Zosimus, New History 3.13

Zosimus (Greek Ζώσιμος): Early Byzantine, pagan author of a history of the Roman Empire, published in the first quarter of the sixth century CE.

The translation of Zosimus' New History offered here was printed in 1814 by W. Green and T. Chaplin in London, and was probably prepared by J. Davis of the Military Chronicle and Military Classics Office. The translator is anonymous. The text was found at Tertullian.org. The notes were added by Jona Lendering.

[3.13.1] Having made these arrangements at Harran, a town that separates the Roman from the Assyrian dominions, he had an inclination to view the army from some eminence, the infantry and cavalry of which in the whole amounted to sixty-five thousand men. Departing therefore from Harran, he presently passed the castles between that place and Callinicum, and arriving at Circesium, of which I spoke above, crossed the river Aboras and sailed over the Euphrates

[3.13.2] He was followed by his troops carrying provisions along with them, who likewise embarked according to the orders they received. The navy was by this time come up. It consisted of a great number of vessels; six hundred were made of wood, and five hundred of skins, besides which were fifty ships of war, and others that followed them for the construction of bridges, if requisite, that the army should pass the rivers on foot. 

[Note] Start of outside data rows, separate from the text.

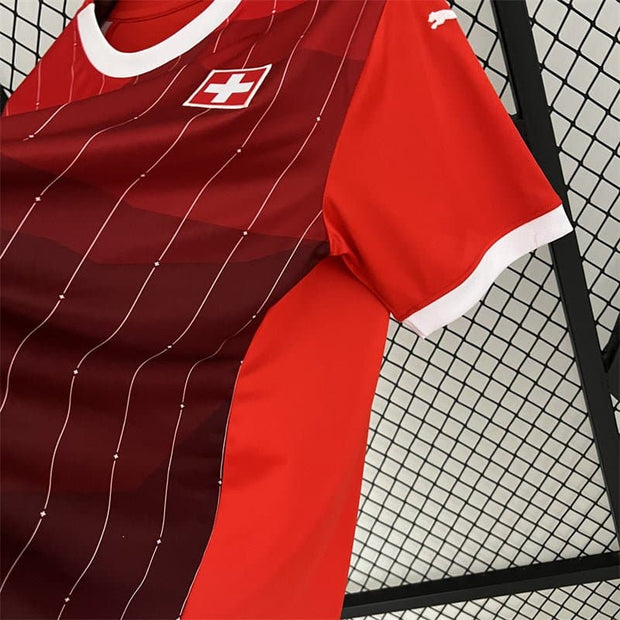 2023 Switzerland Home Retro | Footballshirt.online - Footballshirt.online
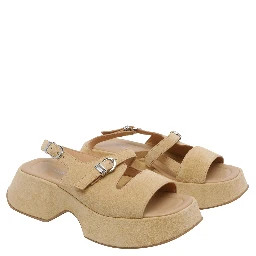 Vic Matie Sandals Beige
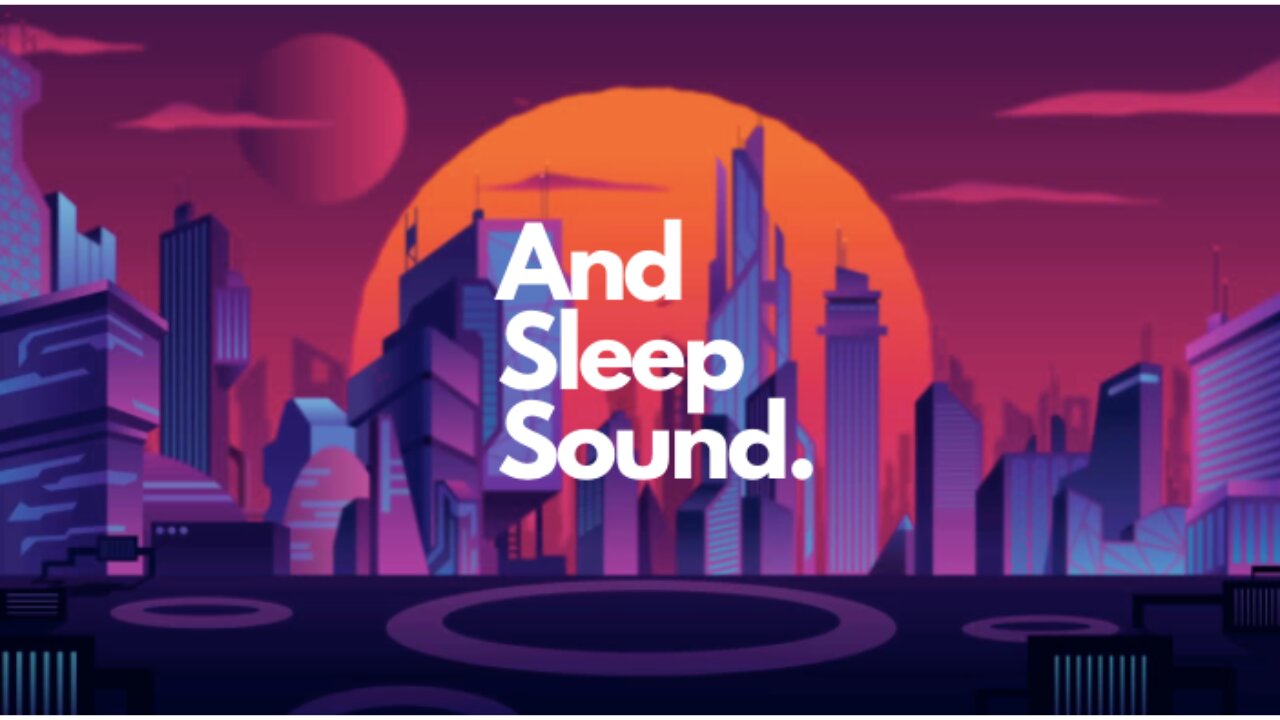 Sleep Sound. Utopian Reverie: Relaxing Music - Futuristic City Sleep and Meditation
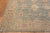 Nazmiyal Collection Light Blue Background Turkish Oushak Design Modern Area Rug For Sale In New York - Image 6 of 7
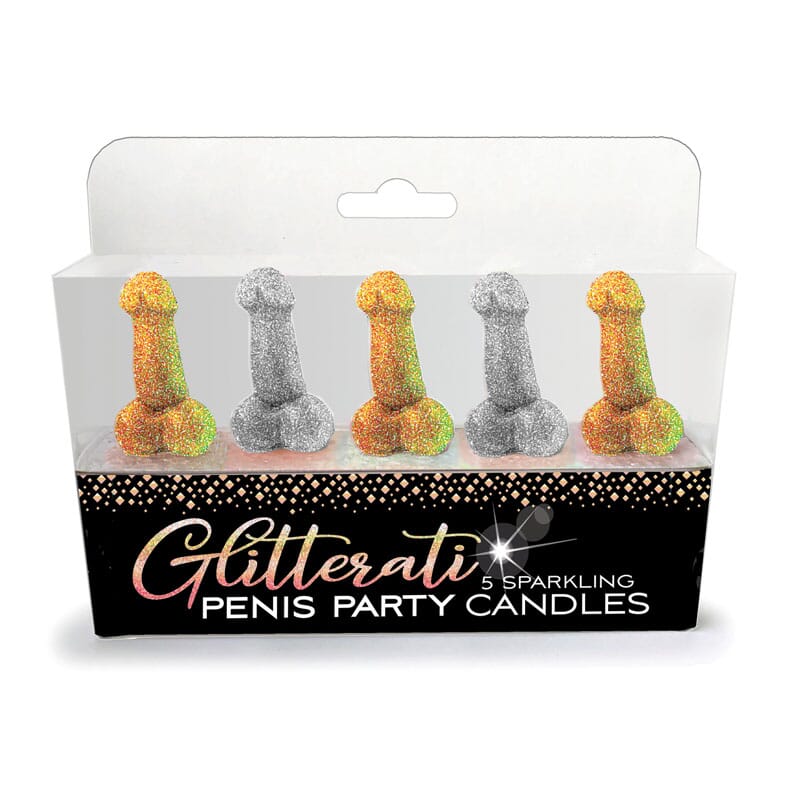 Glitterati - Penis Party Candles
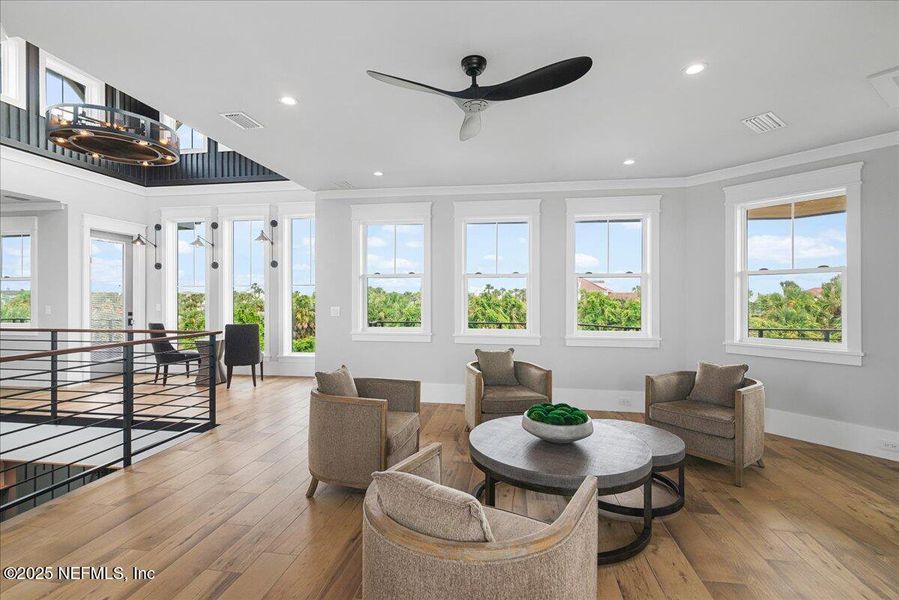 Furnished interior view inside a new home in , Jacksonville Beach (Image 5).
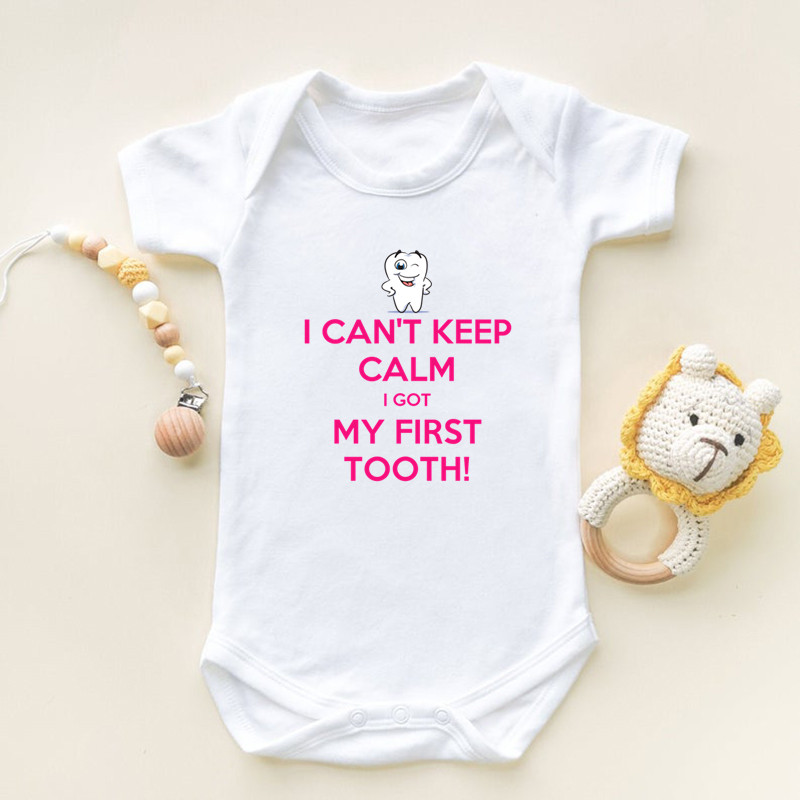 I Got My First Tooth Print Sho - Baby Clothing Gender Neutral reseña y precio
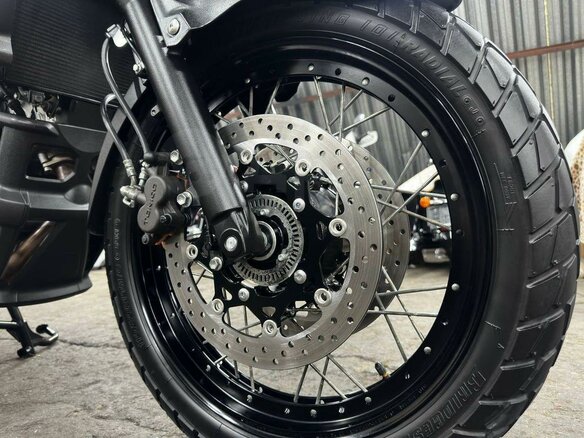 2015 Suzuki V-Strom DL 650, серый - вид 34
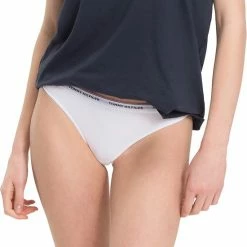 Tommy Hilfiger - Dames 3-Pack Thong Stings Blauw Rood Wit - XS -Badmode Verkoop 550x562 7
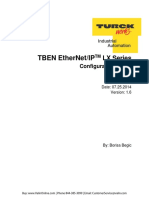 Tben Ethernet/Ip: LX Series
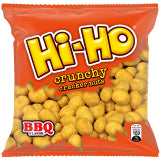 HI-HO CRUNCHY NUTS BBQ(BROWN) 70G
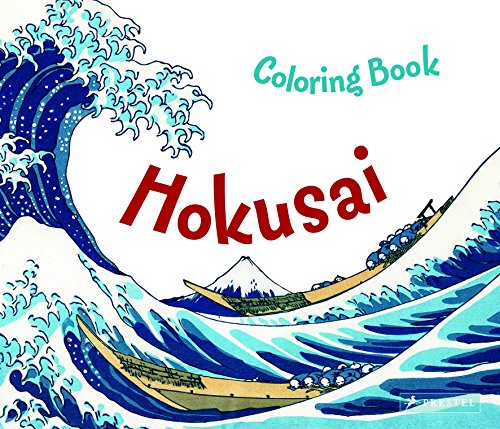 Hokusai: Colouring Book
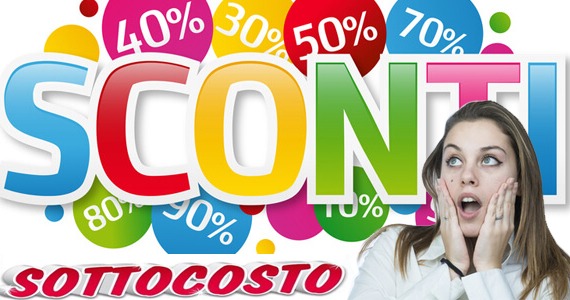 Le Offerte SOTTOCOSTO sono iniziate...Cosa aspetti?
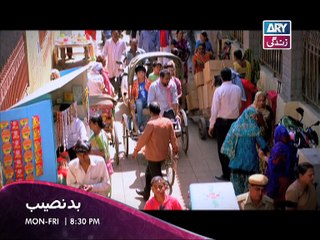 Badnaseeb - Leave For Delhi - ARY Zindagi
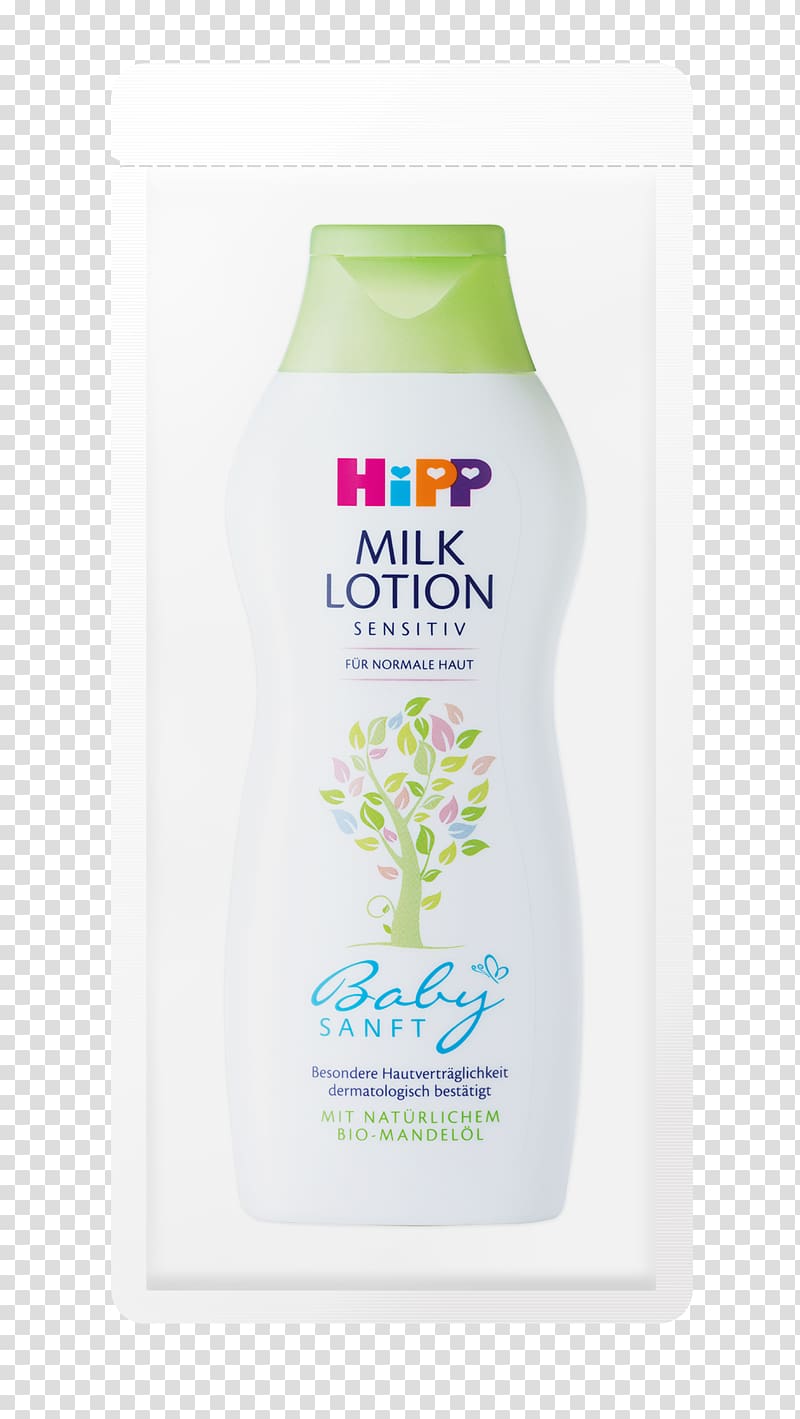 Lotion HiPP Milk Product sample Gratis, milk transparent background PNG clipart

[3.13.3] A great number of other vessels likewise followed, some of them carrying provisions for the army, others timber for the construction of engines, and some battering engines for a siege which were ready made. Lucilianus and Constantius were admirals of this navy. The army being thus disposed, the emperor seated himself on a throne, and made an address to the army, after which he gave each of them a hundred and thirty pieces of silver. He then proceeded towards Persia, giving the command of the infantry to Victor, and that of the cavalry to Hormisdas and Arintheus jointly. 

[3.13.4] I have before related of this Hormisdas, that he was the son of a Persian monarch, but was persecuted by his brother, and had escaped to the emperor Constantine, from whom he had received the highest honors and preferments in reward for his approved friendship and fidelity.